> _Required work_
Write out the entire listing below exactly, with the pictures left out.

> _Provided data_
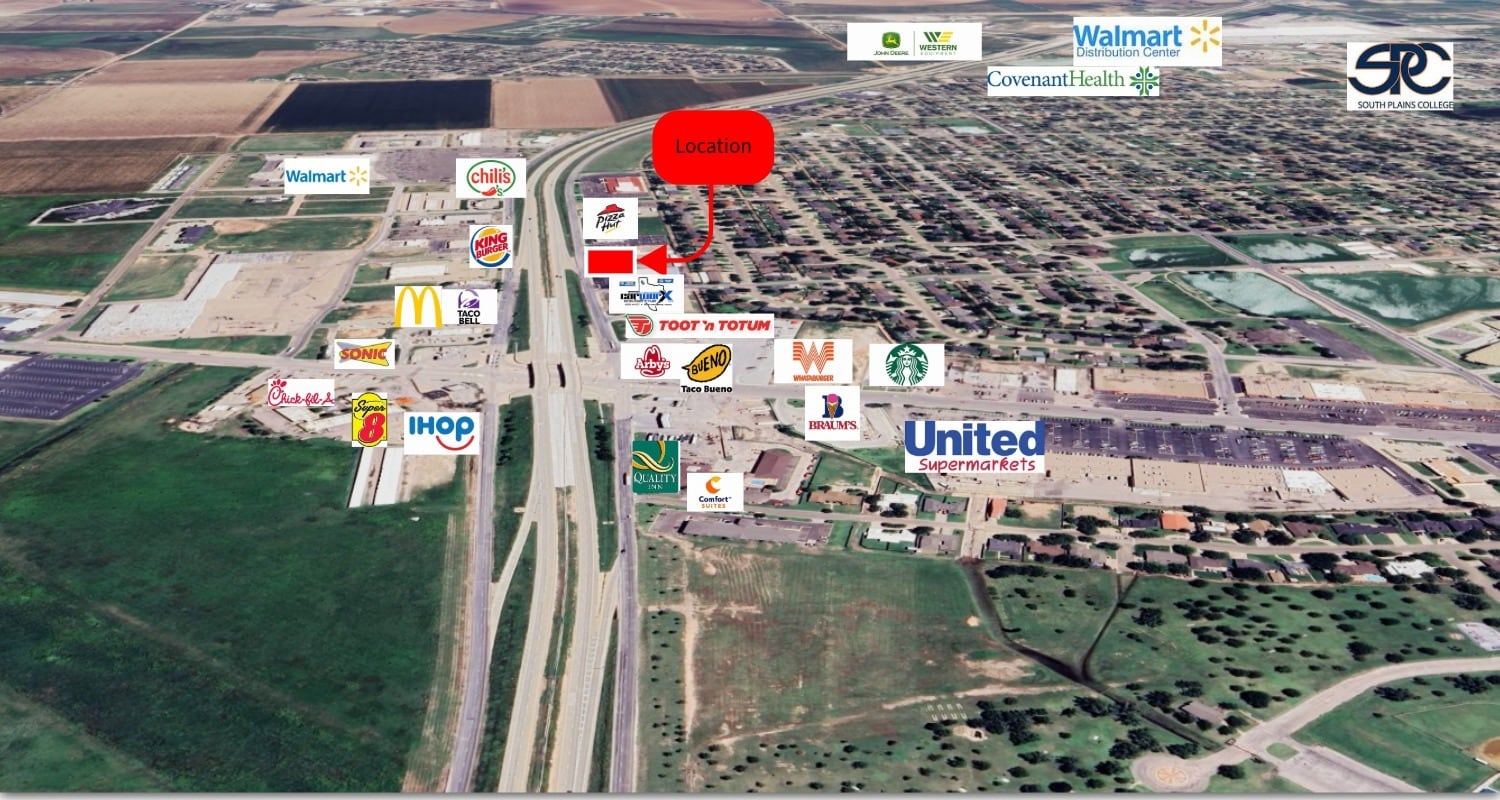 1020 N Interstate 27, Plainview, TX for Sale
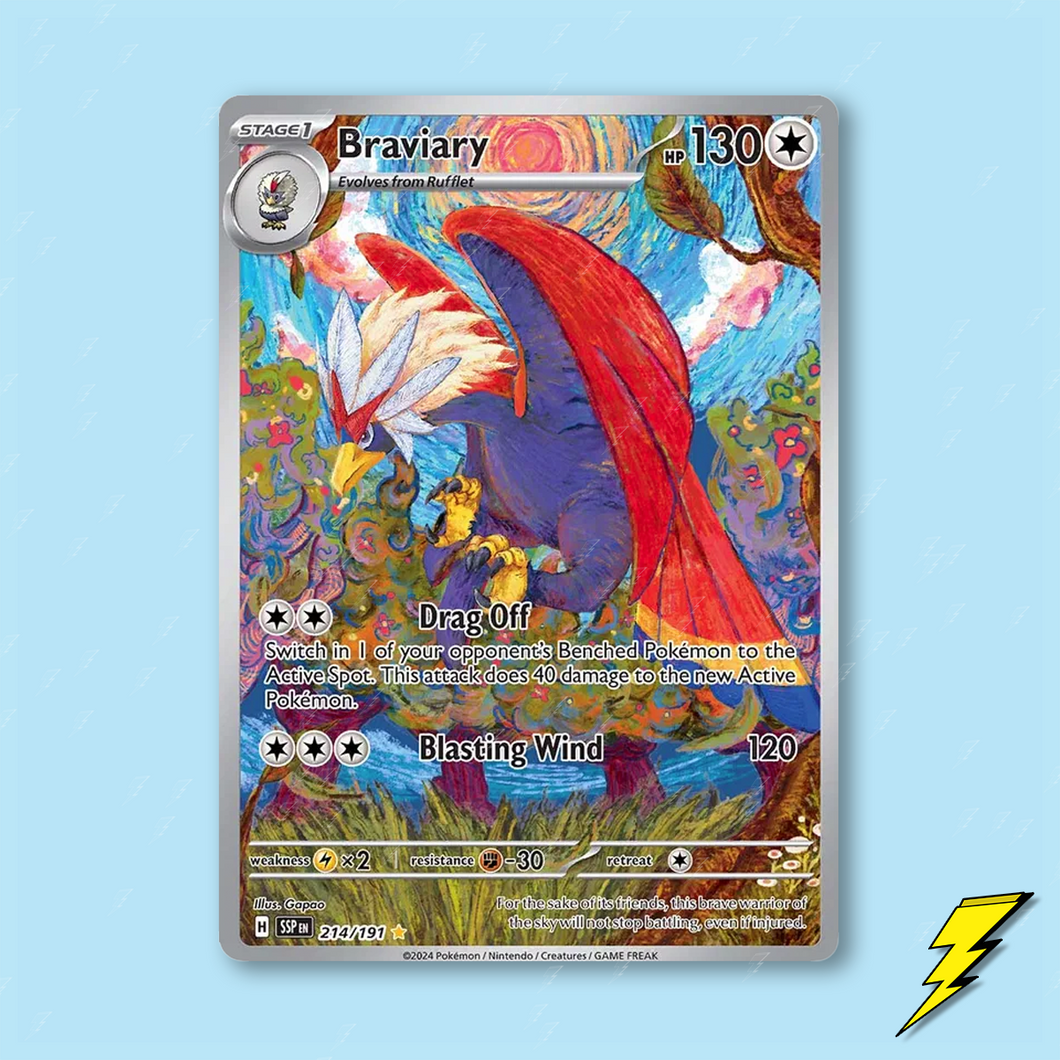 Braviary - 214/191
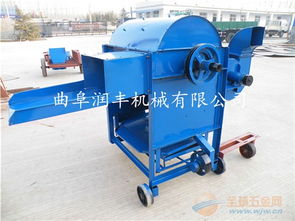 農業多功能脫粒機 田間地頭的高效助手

> _Exercise result_
 1020 N Interstate 27, Plainview, TX for Sale
 Braviary - 214/191
 農業多功能脫粒機 田間地頭的高效助手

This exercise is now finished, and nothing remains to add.